Hay días en que somos profundamente felices y sus recuerdos se eternizan en la memoria. Uno de esos días en mi vida ocurre el 25 de diciembre, en una calle de Cali, la ciudad que me vio nacer y a la que amo tanto como a mi familia y al periodismo. Sí, puede parecer una cursilería, pero de cursilerías y de amores eternos tenemos llena el alma.

El momento mágico de ese día feliz es el Salsódromo, un enorme desfile en el que aparecen decenas de bailarines venidos de distintos rincones de esa Cali popular y auténtica, que se cura con rumba. Sus trajes de colores, sus coreografías juiciosas, sus sonrisas generosas son de esas cosas que logran conjurar cualquier tristeza. Aparecen también las carrozas con bailarines de la Vieja y Nueva Guardia, con los de la caleñidad… y con ellas los músicos que con su canto nos recuerdan que a pesar de todo, como dijo Celia, la vida es un carnaval.
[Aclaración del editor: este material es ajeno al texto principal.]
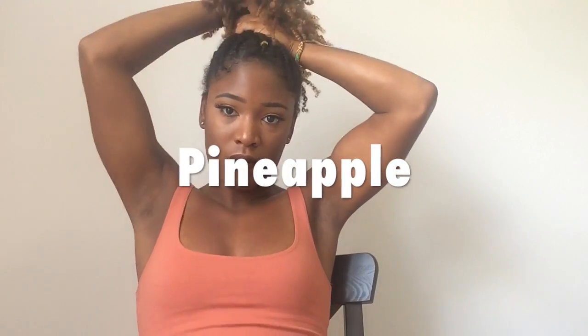Okay, so this third hairstyle is by far my favorite because it is really easy to do, very simple. You just put your hair up in a ponytail and that's it. How easy is that? It's my go-to hairstyle whenever I feel like my hair is starting to look ugly.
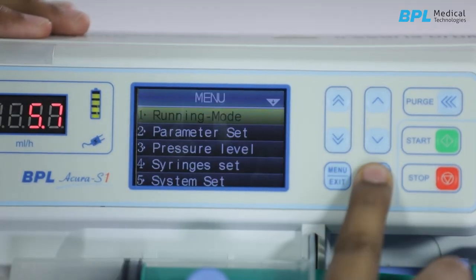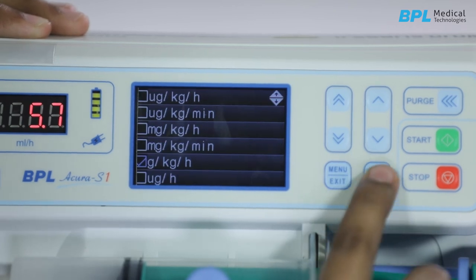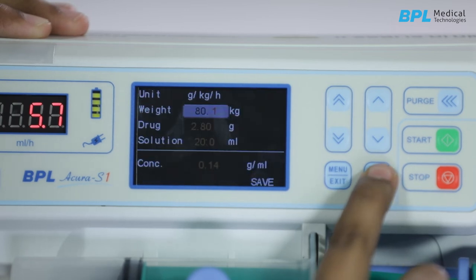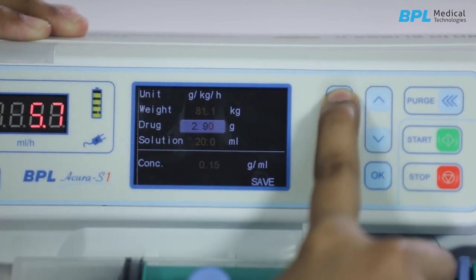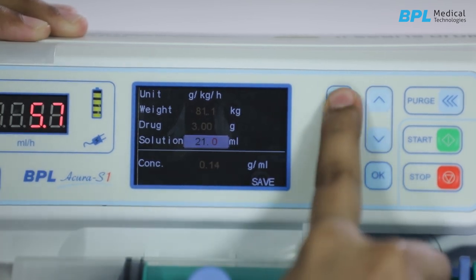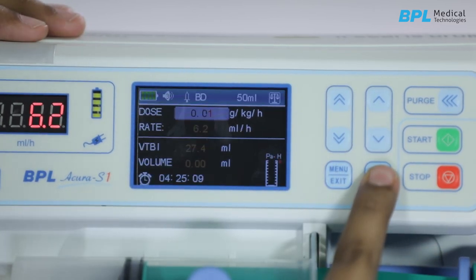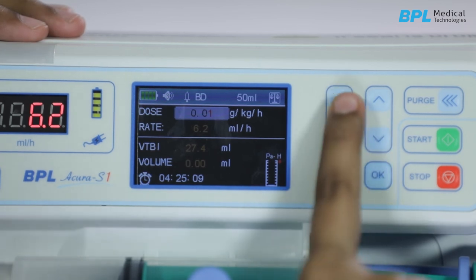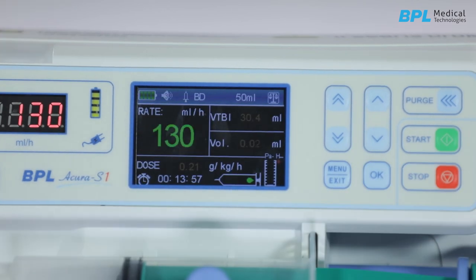For drug or weight mode, in running mode select drug or weight mode and confirm. The system will enter into the unit selection screen where there are seven selectable infusion units. Select the desired unit and confirm. Adjust the drug amount, solution volume, and body weight respectively — the solution concentration shows automatically. After these three parameters are set, press OK to enter the drug weight syringe interface. Press OK to adjust the drug dose and the flow rate shows automatically. After all parameters are confirmed, press start to begin injection.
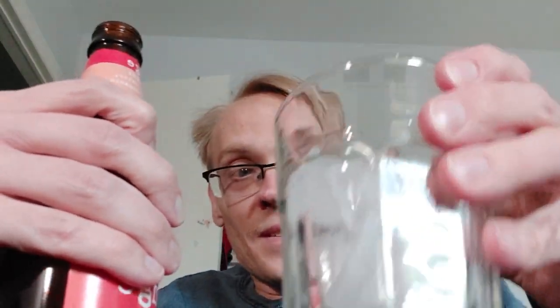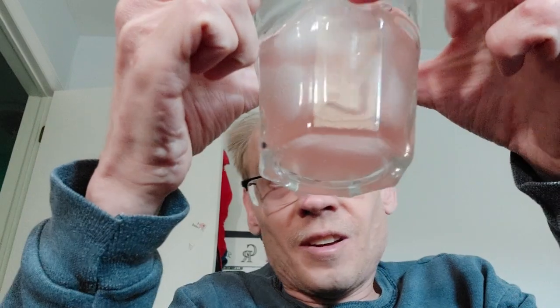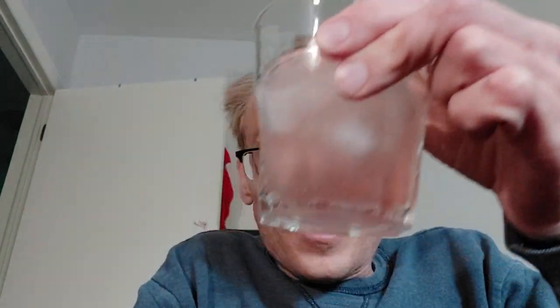Go ahead and get this open. This is actually warm so I have some ice here. Smells pretty good, not too orangey. It's like a pinkish orange — pastel pinkish orange. It's interesting, it's like a cloudy color.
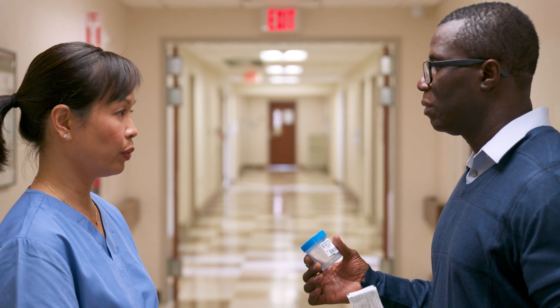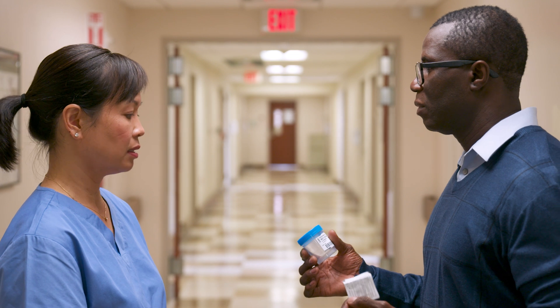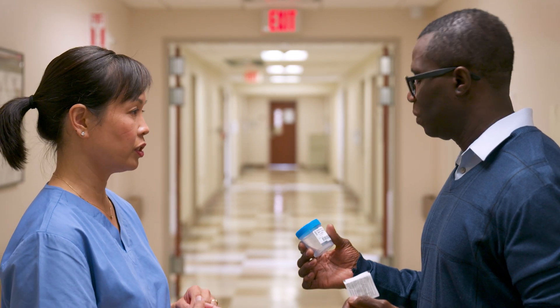Start by urinating into the toilet. After a few seconds, place the open container into the urine stream. Make sure to only touch the outside of the cup.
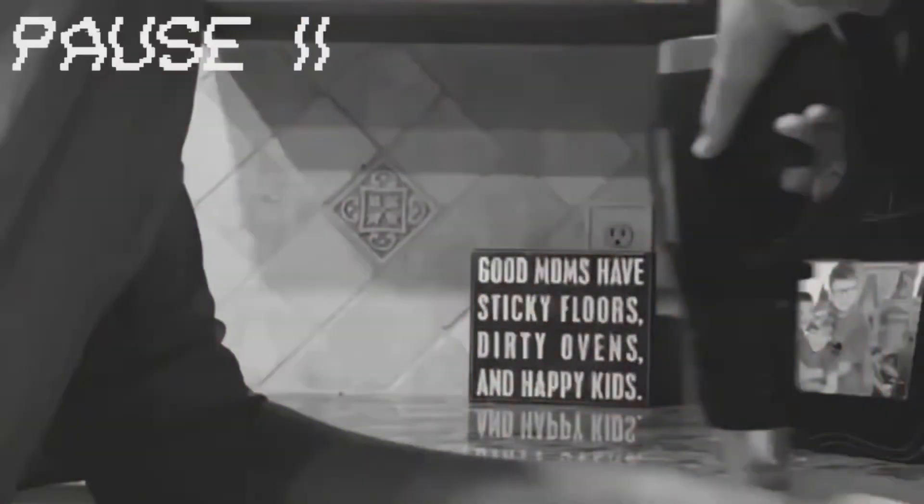Hello everybody and welcome to episode 3 of Making My Mando Armor. Today I'll be painting it and shaping my armor.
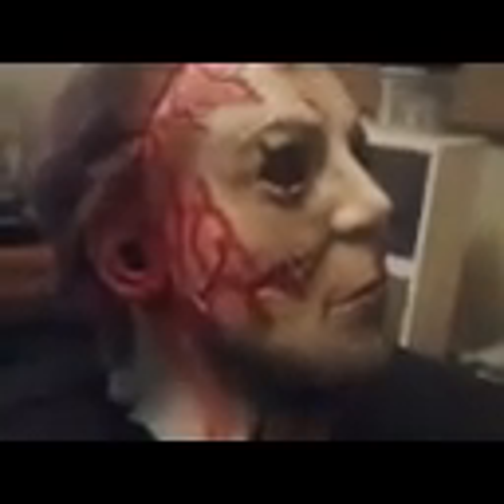This is my Michael Myers mask. I got it about two weeks ago. It's very nice. The blood on it, it's very cool. I like it.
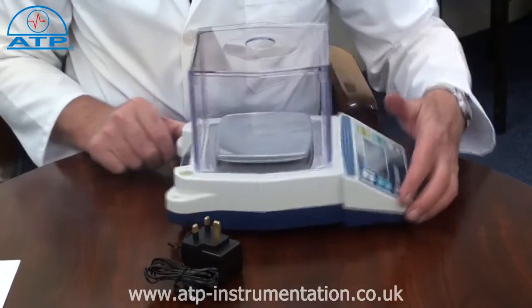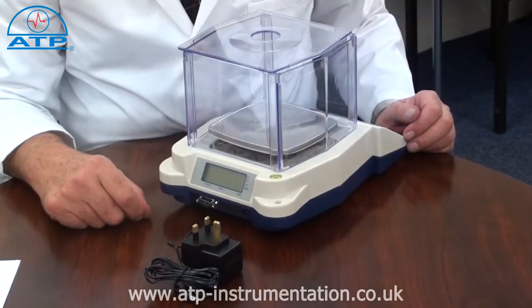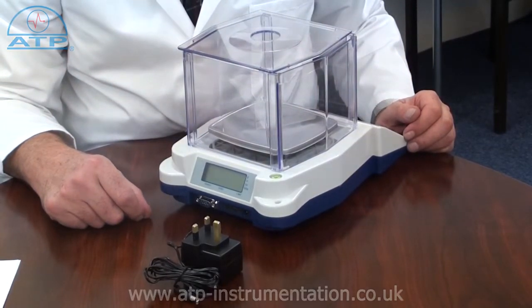There is a second LCD display on the rear of the scale. Both displays have a backlight which is automatic and activates when an item is placed on the platform.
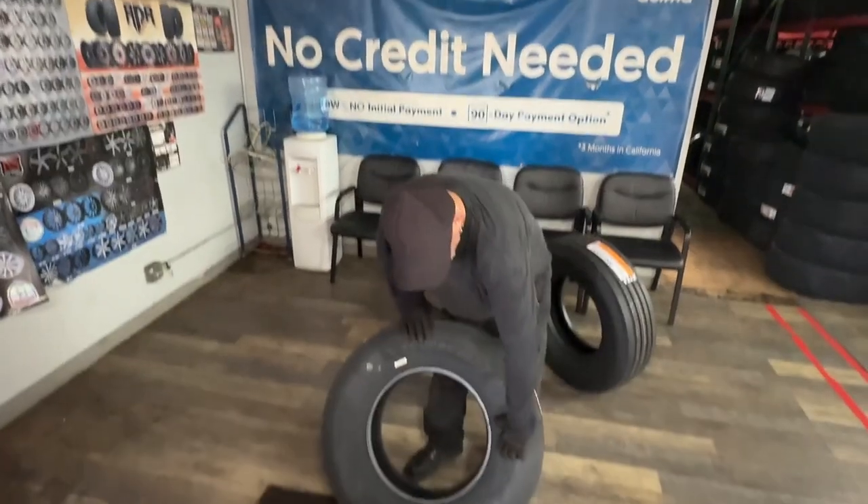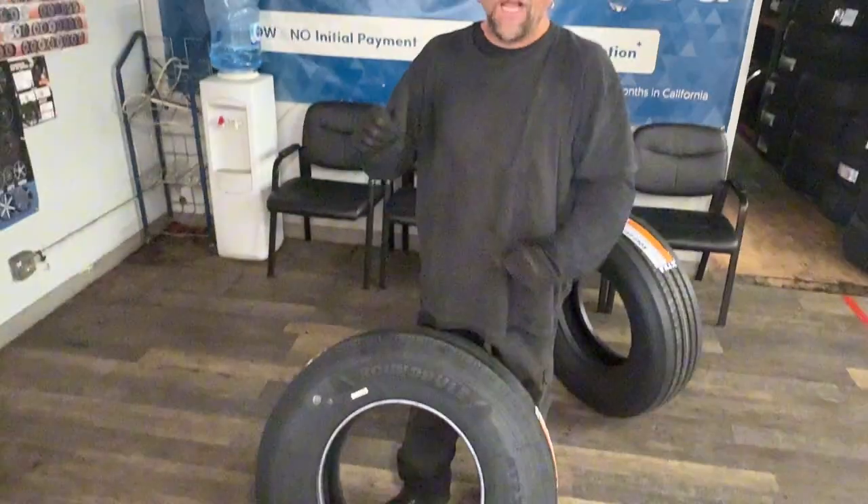It's important to put trailer service only tires on your trailer — not LTs, not passenger tires. They can't hold the weight.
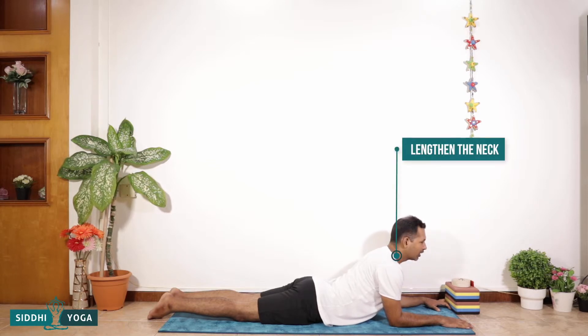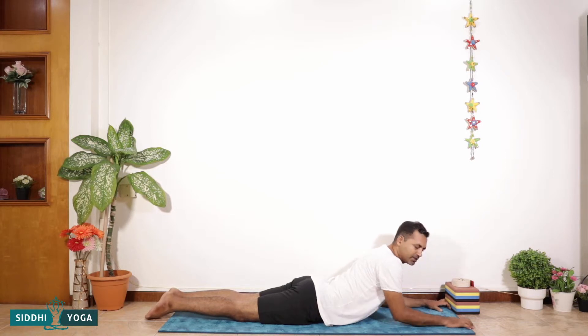After bringing the hands forward, arrange your hands so that the shoulder and the elbow are in one line. Now the shoulders and elbows are in one line. Right now my shoulders are very close to the ear because my upper back is dropping and my head is dropping. What we need to do is elongate the neck and let the shoulders go away from the ear. In some persons the limbs are shorter, in some longer, so they can bring some adjustment either front or back to become comfortable in this posture.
Hoy, cuando faltan cuatro días para esa cita, siento mucha pena con lo ocurrido tras la polémica por las estructuras metálicas instaladas y desde ayer reestructuradas en las graderías del Salsódromo.

Quise permanecer en silencio al ver tanto ruido en el caldeado ambiente, pero al final entendí que toda esa discusión refleja mucho de lo que somos: una ciudad altiva y beligerante, pero con profundas heridas y desigualdades y también con un populismo capaz de arder la hoguera, sin importar que con ello cause más mal que bien. Entendí que les asisten razones a quienes vieron en los muros de lata un símbolo de exclusión, tal como les asisten verdades a los organizadores que explican que es un asunto de seguridad y orden.

Es triste, esa misma ciudad que transforma su cotidianidad entre el 25 y el 30 de diciembre está agrietada por dentro y eso lo saben bien aquellos que aprovechan el bullicio para prometer imposibles. Entonces pareciera que tantos esfuerzos tejidos detrás del aclamado desfile se viniera al piso. Entonces pareciera comprensible el disgusto de quienes no tienen acceso al desfile y a tantos otros eventos, que en el mundo ideal debieran ser gratuitos.

Cuántas lecciones nos deja este episodio; cuánto por construir desde el discurso; cuánta responsabilidad les asiste a nuestros líderes para canalizar toda esa beligerancia en un movimiento solidario, en lugar de acudir a la manipulación barata tan en boga en las redes sociales.

De todo este huracán de pasiones me quedo con las voces de los bailarines, con sus ganas de ser dignificados; con su sacrificio humilde y bello. Ojalá fueran muchos sus días felices. Y ojalá que esta ciudad derrumbara esos enormes muros invisibles que la fragmentan. Ojalá que por fin acabara el baile de la discordia. Y que, para seguir a golpe de melodía, atendiéramos el llamado de El Paso de Encarnación en ese pedacito sabio que nos dice “cambia el paso (Cali), que se te rompe el vestido”.